Sans trop entrer dans les détails, rappelons simplement que, comme l’indique sa désignation, la narratologie non naturelle entend prendre le contrepied de la narratologie « naturelle » ; telle que l’a définie Monika Fludernik 46 – estimant pour sa part que le cadre cognitif du récit naturel, ou conversationnel, constituerait le prototype de tout récit. Tel est précisément le postulat que contestent certains narratologues, quant à eux convaincus que ce modèle ne permet pas d’analyser un nombre non négligeable de formes narratives, en particulier 47 celles qu’inventent les auteurs de la modernité et de la postmodernité, rompant de façon plus ou moins virulente avec les canons de la narration « ordinaire ». Mais il faut aussitôt ajouter que « la » narratologie non naturelle ne constitue pas une discipline unifiée et homogène, et qu’au contraire, comme l’a montré Sylvie Patron 48, les définitions et les choix de méthode de ses représentants sont non seulement souvent divergents, mais aussi parfois contradictoires. Toutefois, en dépit de cette disparité, on peut convenir que la question du traitement de l’impossibilité par la fiction narrative représente un dénominateur commun de ces divers travaux, par exemple ceux de Brian Richardson, Jan Alber, Stefan Iversen 49, etc. Mon propos n’étant pas d’offrir un panorama de la narratologie non naturelle, je souhaiterais plutôt montrer comment certains de ses tenants abordent les liens de la fiction et de l’impossible.

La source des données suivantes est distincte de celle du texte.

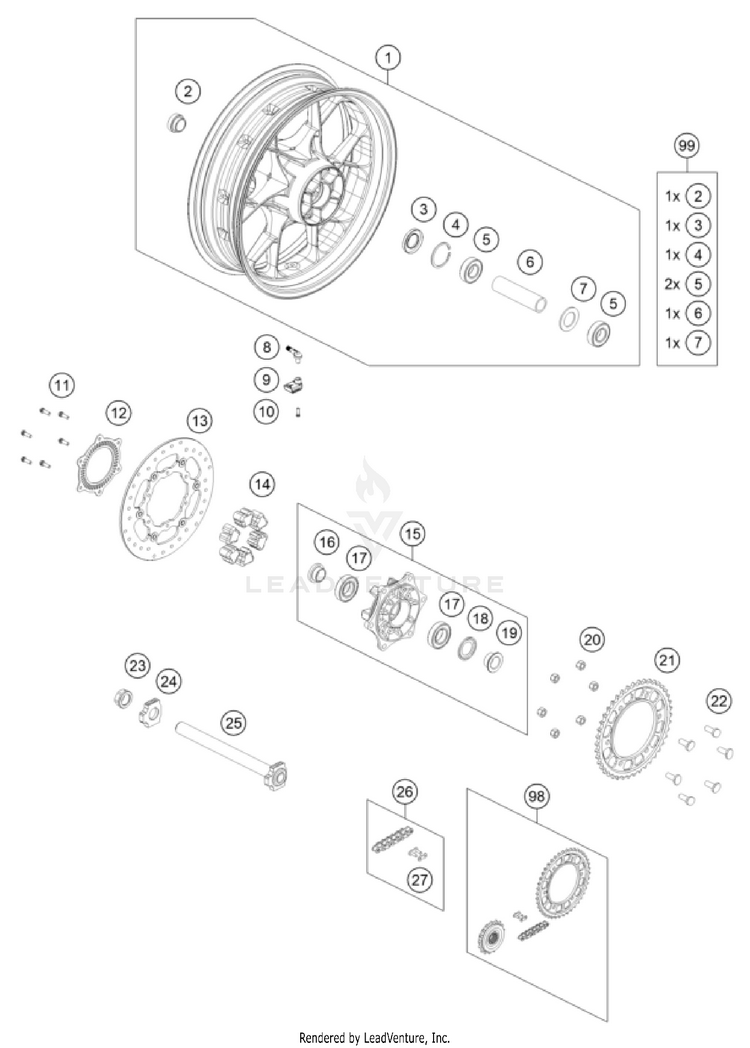 Rear Wheel 1290 SUPER ADVENTURE S, orange CHASSIS - 2023 Schematic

Dans cette perspective, on peut éprouver la tentation de distinguer divers types d’impossibilités, selon qu’elles affectent l’univers de la fiction (la « diégèse » genettienne), la narration elle-même, ou ces deux axes à la fois. Du premier cas de figure relèverait par exemple la représentation d’animaux parlants, du deuxième une narration posthume, du troisième une histoire de fantômes racontée sous forme de narration homodiégétique simultanée au présent. De fait, lorsque l’on se plonge dans les travaux des spécialistes de narratologie non naturelle, on s’avise sans surprise que la plupart d’entre eux on envisagé de telles distinctions ; mais qu’ils les interprètent parfois de façon diamétralement opposée. Examinons-les donc, en commençant par ce que je nommerai pour ma part les « impossibilités » diégétiques – mais sans préjuger de la possibilité de chevauchements entre ces diverses « catégories » 50.

« Impossibilités » diégétiques

Dans le vaste domaine de la fiction narrative, la représentation d’entités ou de phénomènes contraires aux lois physiques régissant le monde réel est à la fois si ancienne, fréquente et codifiée, que leur caractère en droit impossible risque fort de passer inaperçu dans le cadre des lectures empiriques. Certes, nous savons pertinemment que, hors fiction, les animaux ne s’expriment pas en langage articulé, et que les fées n’existent pas davantage que les fantômes, les vampires, les elfes, ou les trolls. Pour autant, nous acceptons sans mal de les voir peupler contes, fables, romans animaliers, récits merveilleux, cycles ou séries d’heroic fantasy, etc. ; où leur éventuelle cohabitation au sein d’un même univers avec des personnages anthropomorphes ne nous heurte pas davantage – voyez, entre autres multiples exemples, L’Épée brisée  51 de Poul Anderson. A l’examen, l’acceptation pour ainsi dire « réflexe » de semblables phénomènes résulte de la convergence de plusieurs paramètres. Tout d’abord la notoire « suspension momentanée et volontaire de l’incrédulité » 52 qui, face à une fiction, nous prédispose à adopter une posture de « feintise ludique 53 », donc à accepter le temps de la lecture de faire comme si ce qui nous est raconté existait et/ou était vrai, tout en sachant que ça n’est pas le cas. Ensuite les conventions génériques, qui contribuent notablement à naturaliser la représentation de phénomènes surnaturels : en atteste l’exemple de la résurrection, parfaitement acceptable pour nous à partir du moment où il advient dans un espace fictionnel spécifique, régi par les codes du merveilleux ou du fantastique. Enfin la facture même du récit, respectueuse des « normes » de la narration « naturelle », et reconduisant sans distorsion les cadres cognitifs sur lesquels elle se fonde : agir, raconter, percevoir et faire l’expérience. La conjonction de ces facteurs – auxquels on pourrait ajouter la cohérence du storyworld – finit ainsi par occulter aux yeux de la majeure partie des lecteurs le caractère pourtant impossible (hors fiction) de telles représentations.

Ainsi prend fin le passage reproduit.